Microsoft opens slots in new certification program

Microsoft is now taking applications for 250 slots in its new Microsoft Certified Architect program for experienced IT people who have married their technical skills with their business savvy to accomplish company goals.


BOSTON -- Microsoft is now taking applications for 250 slots in its new Microsoft Certified Architect program, designed for experienced IT people who have married their technical skills with their business savvy to accomplish company goals.

Microsoft Learning, the company's certification division, has operated the architect program in beta mode for more than a year and has certified 60 architects to be mentors to future applicants. Microsoft announced it was officially opening the 250 slots to applicants at the TechEd conference here on Tuesday.

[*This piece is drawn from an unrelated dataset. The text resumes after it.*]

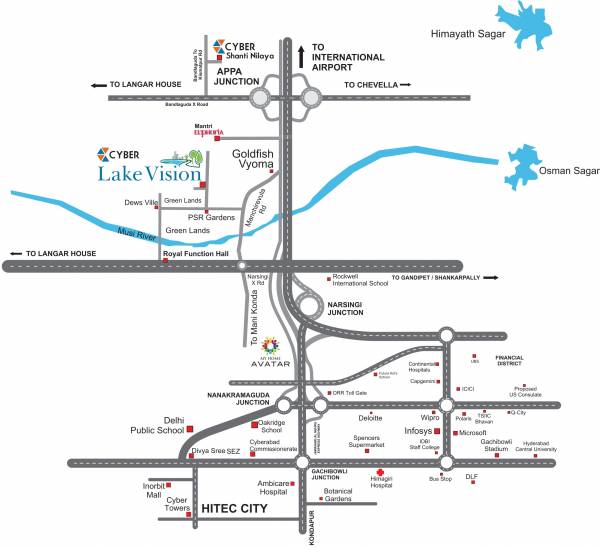 Images for Location Plan of Cyber Lake Vision Images for Location Plan of Cyber Lake Vision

The Microsoft Certified Architect program is a departure from the usual Microsoft certification programs because it is run by Microsoft and not by third-party training companies. There is no traditional exam. Instead there is a peer review board that decides whether candidates have proved their expertise. Approved candidates will work with mentors as they develop their written and oral presentations for the review board. Each board will be composed of four peers and one Microsoft representative.

The certification program costs $10,000 per person, and the application fee is $200. Although the program sounds intriguing to some IT people, the price tag might be a stumbling block.

"The price is probably a little steep," said Jason Bennett, part of the IT team at Woodward Governor Co., a Rockford, Ill.-based designer and manufacturer of energy control systems and components for aircraft and industrial engines.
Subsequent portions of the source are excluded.